Dilma Rousseff não gostou do artigo de FH, quis demarcar terreno para deixar bem claro que não flerta com a oposição e é fiel ao seu campo político.
Pretendeu também reforçar a posição do PT nesses tempos difíceis de julgamento penal do sistema que o partido escolheu para se sustentar no poder logo depois de conquistar a Presidência sem maioria no Parlamento.
A presidente pecou ao não enfrentar o debate tal como FH propunha no texto. Mas, até aí, trata-se de um ponto de vista. Se Dilma considera a ética algo irrelevante, pior para a composição do perfil de austeridade que lhe confere popularidade.
No pronunciamento que fez no dia 7 de setembro, em espaço reservado à chefia da Nação, entretanto, a presidente ultrapassou a fronteira do aceitável e extrapolou de suas prerrogativas ao valer-se do púlpito institucional para pronunciar-se em termos de palanque.

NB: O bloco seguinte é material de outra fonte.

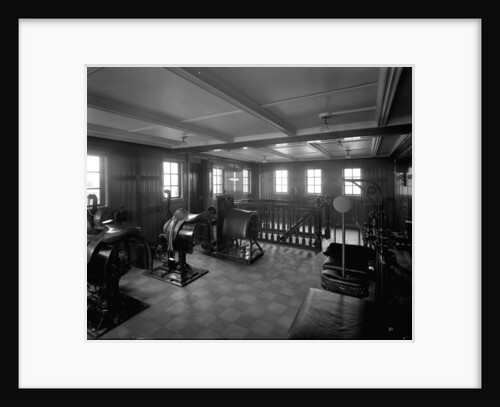 First Class Gymnasium on the 'Empress of Asia' (1913) by Bedford Lemere & Co.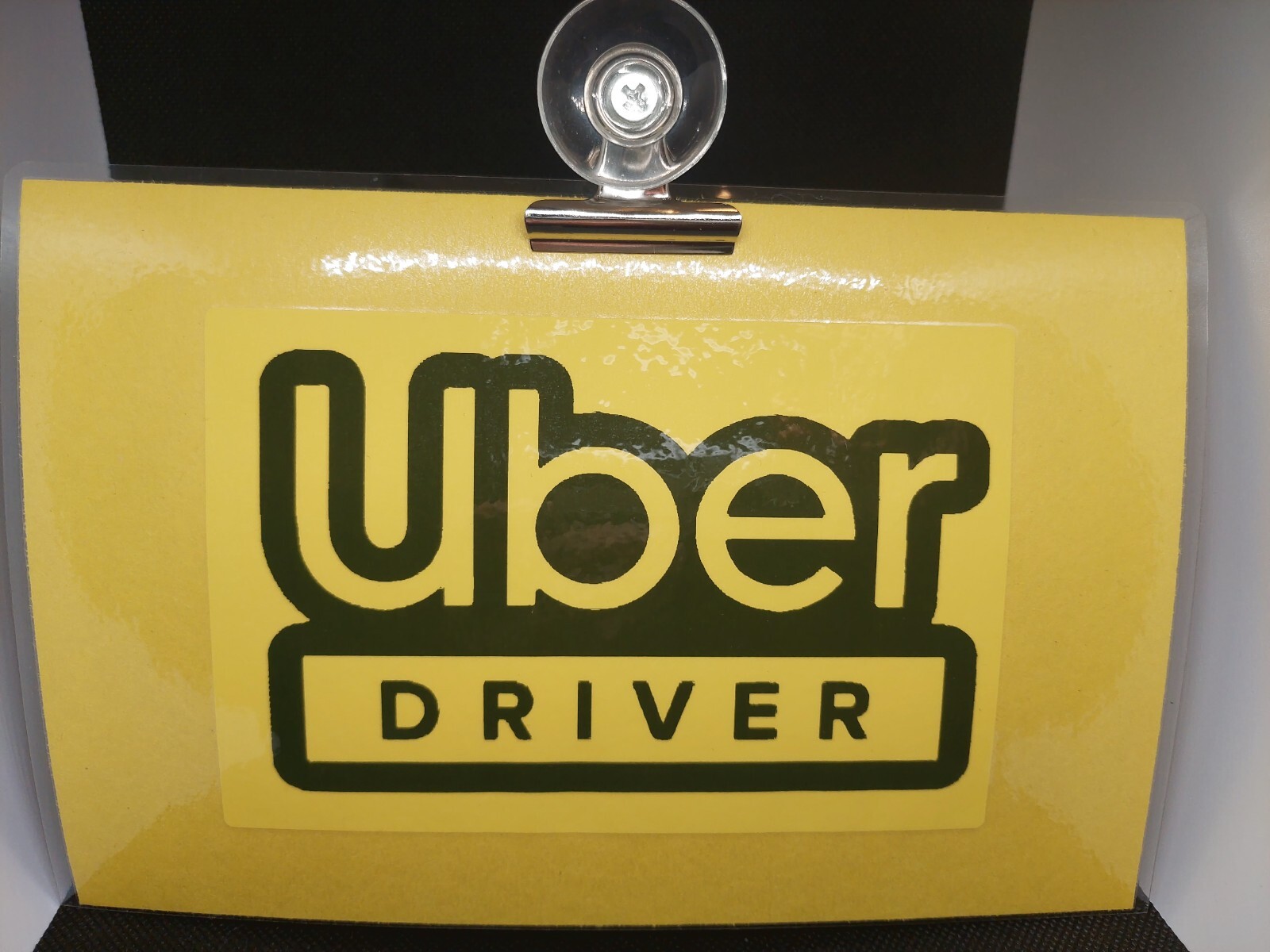Ub Driver Sign with Suction Cup+Clip Mount Eco-Friendly Thermal Printing 6″x9″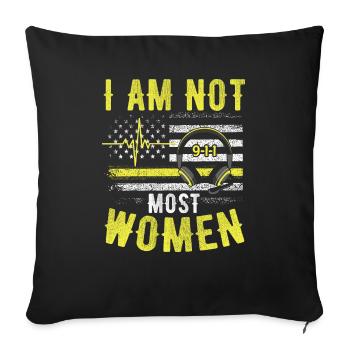 Je ne suis pas x la plupart des femmes - x répartiteur - Housse de coussin décorative 45 x 45 cm - noir - Devant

Embora tenha direitos iguais, a presidente da República tem deveres a mais em relação ao conjunto da sociedade cuja maioria a elegeu, mas que não é composta só de correligionários.
Para traduzir o conceito em números e tornar a obviedade ainda mais visível: ao fim da eleição de 2010, Dilma havia contabilizado 55 milhões 752 mil 529 votos e seu oponente José Serra, 43 milhões 711 mil 388. Em porcentuais, 56,05% dos eleitores ficaram com ela e 43,95% preferiram o candidato adversário.
Isso depois de dois mandatos de Lula durante os quais a oposição não fez esforço para se opor e a impressão geral era a de que as forças governistas reinavam unânimes no País.
Não reinam e é ótimo que assim seja. Em nome da pluralidade, da alternância e de todos os primados dos Estados fundados no Direito.
A presidente, porém, nessa sua nova inflexão de gestora para líder política adentra um gramado onde Lula atuou usando e abusando da apropriação do Estado como instrumento de partido.
Com isso contraria o empenho do departamento de propaganda do Planalto em acentuar traços e modos que a distanciam das exorbitâncias do antecessor. Repete o ex-presidente em seus piores momentos.
Curto prazo. Se comparadas com as duas indicações anteriores, a escolha do ministro Teori Zavascki para o Supremo Tribunal Federal deu-se em tempo surpreendente: dez dias a contar da data da aposentadoria de Cezar Peluso.
A primeira, de Luiz Fux, levou sete meses, de julho de 2010 a fevereiro de 2011, e a segunda, de Rosa Weber, demorou de agosto a novembro.
Em tese haveria tempo de o novo ministro assumir antes do fim do julgamento. Fux e Weber foram sabatinados pelo Senado e tomaram posse no prazo de mais ou menos um mês após a indicação.
Quanto à participação, se o calendário eleitoral não atrasar a sabatina, há três hipóteses: julga normalmente, não se considera apto por falta de familiaridade com os autos ou, na mais improvável delas, pede vista do processo.
A rapidez não parece ter tido o intuito de recompor o quórum de 11 ministros, mas antes não fomentar especulações sobre eventual mudança de critério na escolha de ministros diante do rumo que vem tomando o julgamento.
Em favor da presidente, registre-se que deu prioridade à biografia jurídica em detrimento da folha de serviços prestados pelo escolhido ao governo e ao PT. Dilma acertou com Rosa Weber e Luiz Fux e pode ter acertado de novo.